Ideally, Free Software projects would create their own Debian packages, but this becomes a
problem as well.  At some point a package may depend on something not available when Stable
was released and Unstable at some points moves fast enough that a package created today is
outdated next week, so it's unrealistic for Free Software projects to expend the man-hours to
sort this all out.

Perhaps this is an opportunity for an enterprising person or company--build unofficial Debian
packages of Free Software not in or not up-to-date in Debian and make them available for a
small fee.


to post comments

Exactly.

Posted Feb 1, 2008 7:31 UTC (Fri) by jd (guest, #26381) [Link] (3 responses)

It is unreasonable for Free Software projects to put in that level of extra work, but it would be entirely reasonable for corporations (who rely on getting bugfixes and security fixes as fast as possible) to invest in precisely this sort of work. In fact, it's insane for them not to, because they suffer more than anyone else. An hour downtime costs far more than an hour of QA and patch development.
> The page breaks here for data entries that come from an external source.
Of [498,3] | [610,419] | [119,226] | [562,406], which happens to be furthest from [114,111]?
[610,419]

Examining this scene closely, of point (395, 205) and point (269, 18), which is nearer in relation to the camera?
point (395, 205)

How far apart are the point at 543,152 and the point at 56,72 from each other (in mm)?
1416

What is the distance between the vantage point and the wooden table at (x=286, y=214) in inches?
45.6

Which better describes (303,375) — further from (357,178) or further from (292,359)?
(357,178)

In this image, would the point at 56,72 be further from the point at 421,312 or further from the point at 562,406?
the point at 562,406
One relatively cheap solution (for a corporation) is to produce a huge server farm, where multiple versions of packages are built, dependent on different valid parent packages. Package managers would need to be somewhat smarter, because they'd need to search multiple alternative versions to find the optimum permutation of valid packages, which may mean swapping an existing package for an alternative of the same version but with subtly different dependencies.

There are plenty of other options. What's really not an option (in my opinion) is to have distributions become overly specialized to remain fully working, or highly generalized (good) but dependent on people not staying up-to-date (bad). Users are likely to end up having to compile some things for themselves, the aim (I believe) should be to keep this to a minimum and to make it as painless as possible when it does happen.

Exactly.

Posted Feb 8, 2008 2:09 UTC (Fri) by vonbrand (subscriber, #4458) [Link] (2 responses)
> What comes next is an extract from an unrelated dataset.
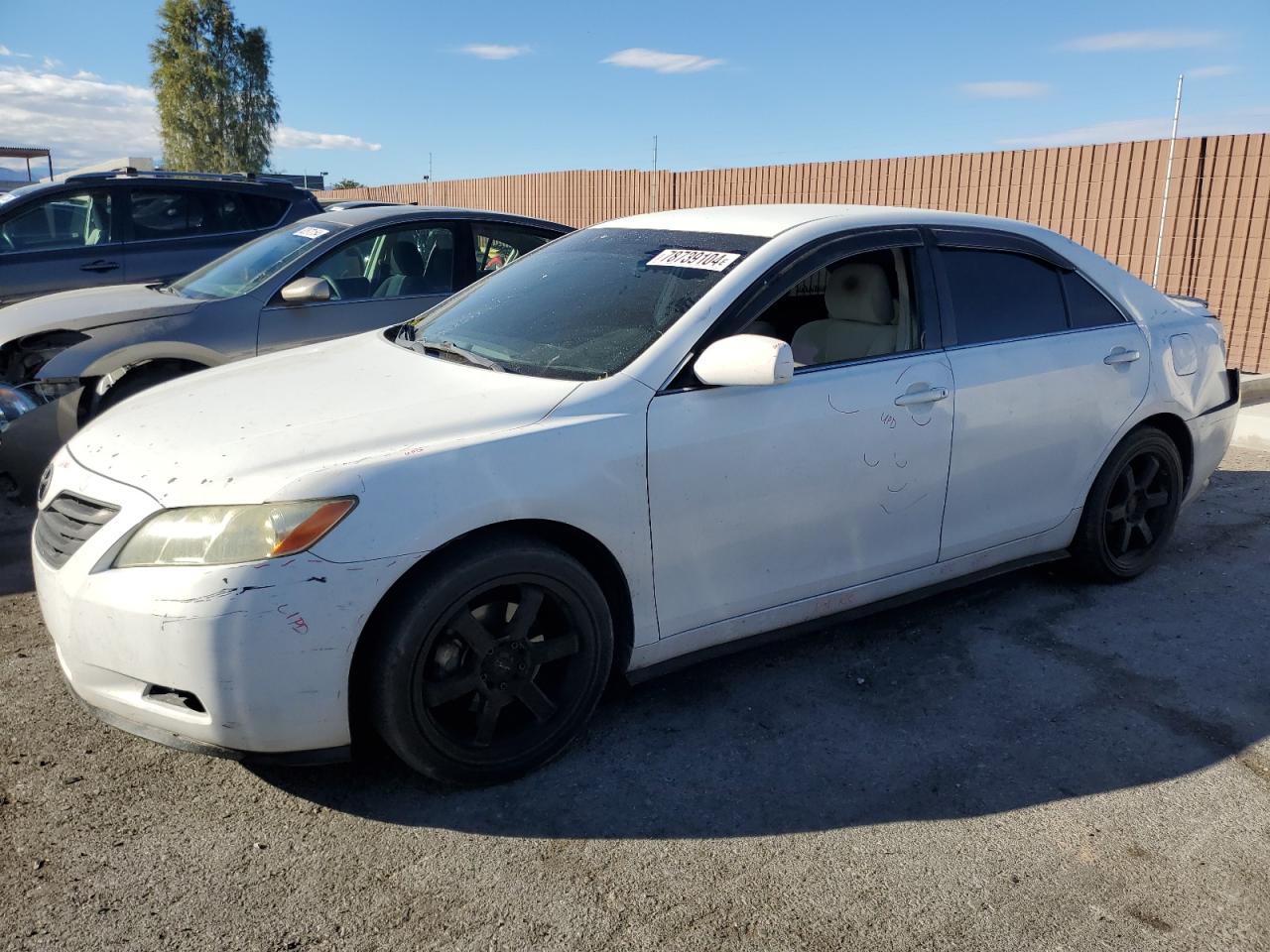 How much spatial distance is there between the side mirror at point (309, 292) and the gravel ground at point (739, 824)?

I'm sorry, but "the corporations" that you want to pick up the slack do have a much narrower view than "the community". If said community doesn't want to pay for something, be it testing, packaging, whatever, it won't get done for the all-encompassing interest of something like the set of Debian users. And by "pay" I mean not necessarily money, but in effort.

The "corporations"

Posted Feb 8, 2008 19:25 UTC (Fri) by jd (guest, #26381) [Link] (1 responses)

...want to sell their products to Linux business users. They are there to make money, after all. Linux business users get the same Linux software everyone else gets, more-or-less. If that software is unreliable, business users won't use it, which means Linux products won't sell.

Why sell to Linux users in the first place? Too many variants of Unix, too many of which only have a subset of the features needed or wanted, too much competition from Microsoft and generally not much security. A unified baseline that has Linux has a key platform has far better odds of long-term survival. Provided it can be brought to some provable (rather than anecdotal) quality level.

But to do that, money must be spent on Linux QA. You've got to make people want Linux, want it so bad that alternatives aren't worthy of consideration. That won't happen until there has been some serious QA.

What if no QA happens at all? Then businesses will regard Linux as something vendors aren't interested in, and those businesses will go elsewhere, costing those vendors potential sales. Sure, it would be nice if the Debian community did more QA work, but really QA is a full-time job and most Debian deveopers have two or three of those already. It's a dirty job, but someone has to do it.

The "corporations"

Posted Feb 8, 2008 21:38 UTC (Fri) by vonbrand (subscriber, #4458) [Link]

Who says that the people selecting packages and building "enterprise" distributions don't do QA? They have to restrict the breadth of software offered if they want to keep some sanity in all. Yes, that means that it is very probable that "my favorite package" isn't in the supported set.